» **Task instructions**
Would you reproduce the data below exactly, please, leaving out its images?

» **Supplied information**
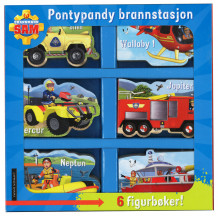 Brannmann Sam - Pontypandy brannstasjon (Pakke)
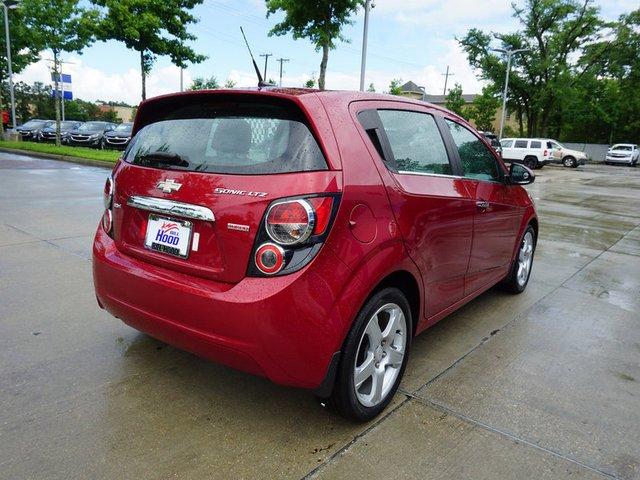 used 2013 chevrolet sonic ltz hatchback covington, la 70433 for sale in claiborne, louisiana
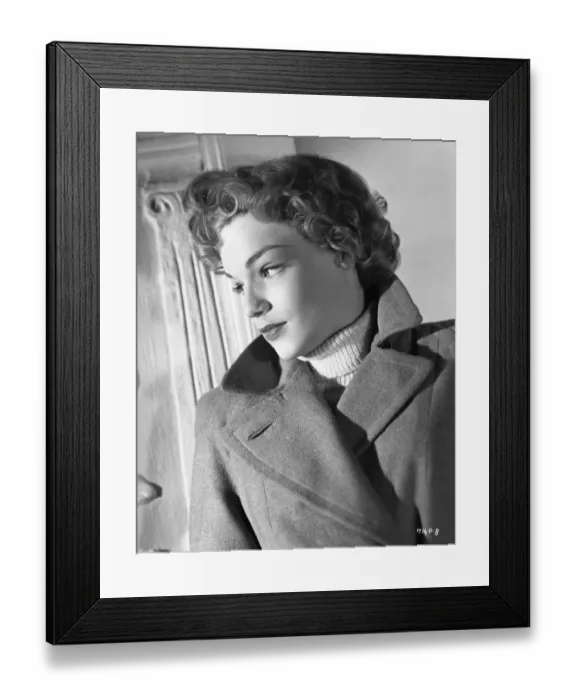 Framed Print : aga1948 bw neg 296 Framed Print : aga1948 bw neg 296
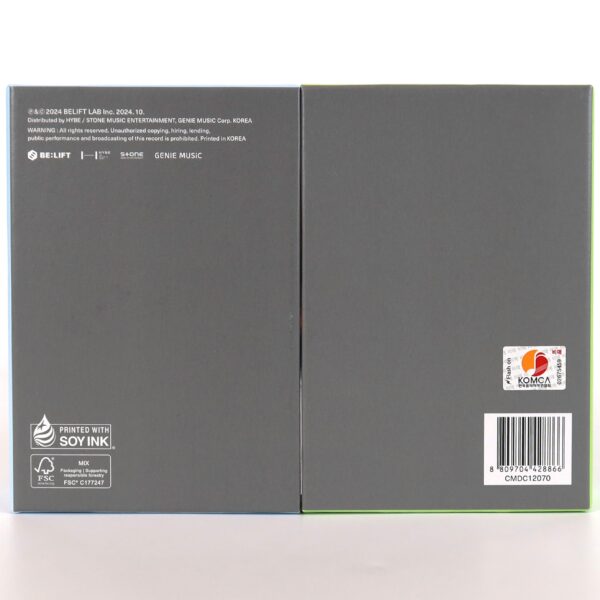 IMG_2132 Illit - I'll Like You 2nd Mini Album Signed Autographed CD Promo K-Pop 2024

» **Result**
 Brannmann Sam - Pontypandy brannstasjon (Pakke)
 used 2013 chevrolet sonic ltz hatchback covington, la 70433 for sale in claiborne, louisiana
 Framed Print : aga1948 bw neg 296 Framed Print : aga1948 bw neg 296
 IMG_2132 Illit - I'll Like You 2nd Mini Album Signed Autographed CD Promo K-Pop 2024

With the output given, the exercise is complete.